─── SUPPLIED DATA

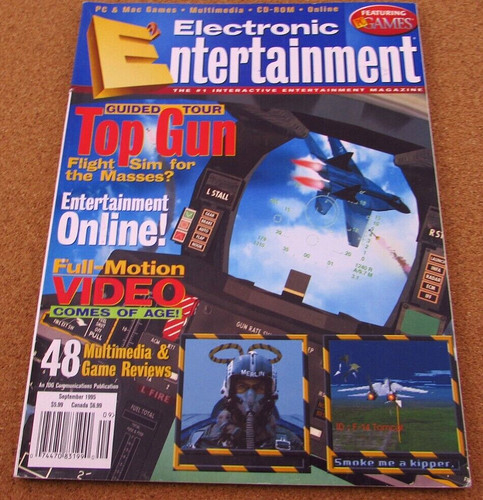 Rivista intrattenimento - rivista,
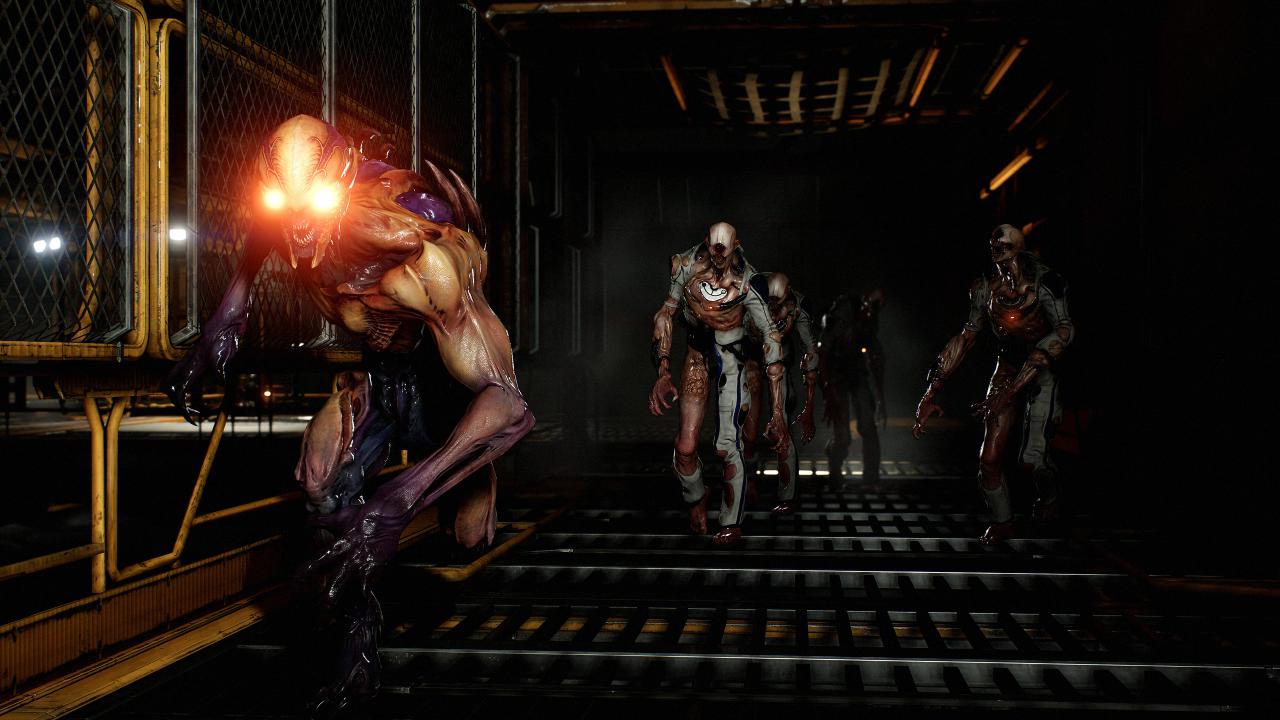 [26/07/2016] Doom (15)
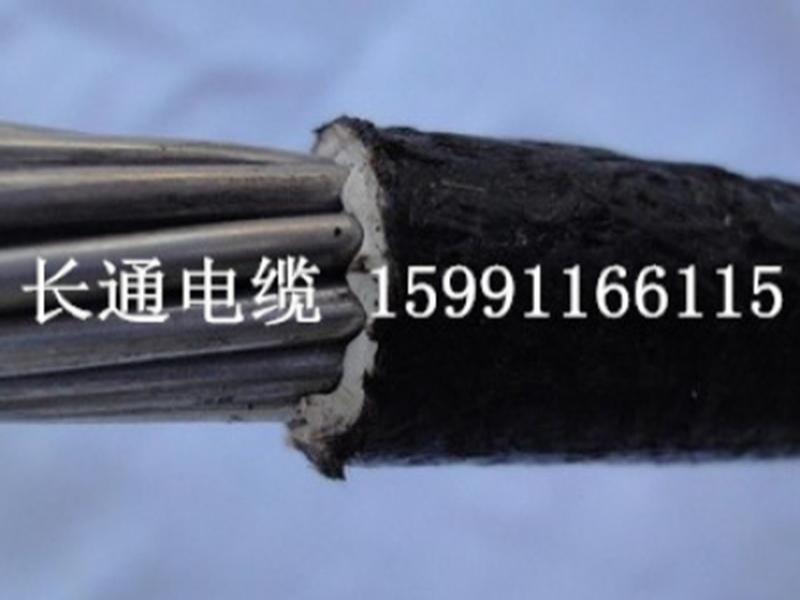 BLX铝芯橡皮绝缘防老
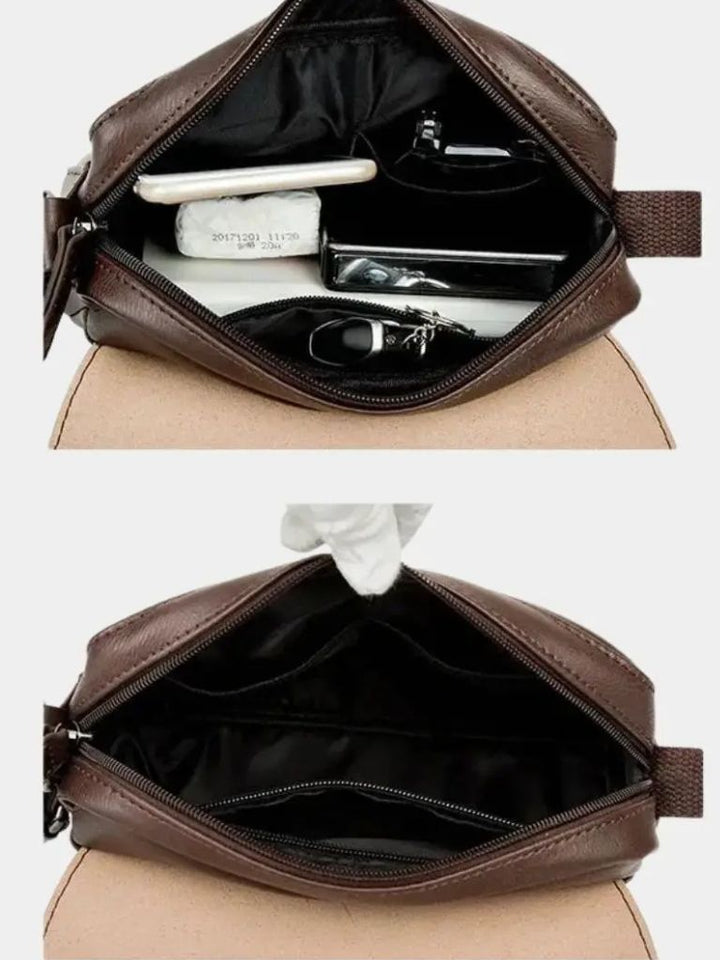 Drevante | Jeppe Sling Bag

──────

WHAT YOU HAVE TO DO:
Pictures stay out; print everything else in the data exactly.

PROBLEM SOLUTION:
 Rivista intrattenimento - rivista,
 [26/07/2016] Doom (15)
 BLX铝芯橡皮绝缘防老
 Drevante | Jeppe Sling Bag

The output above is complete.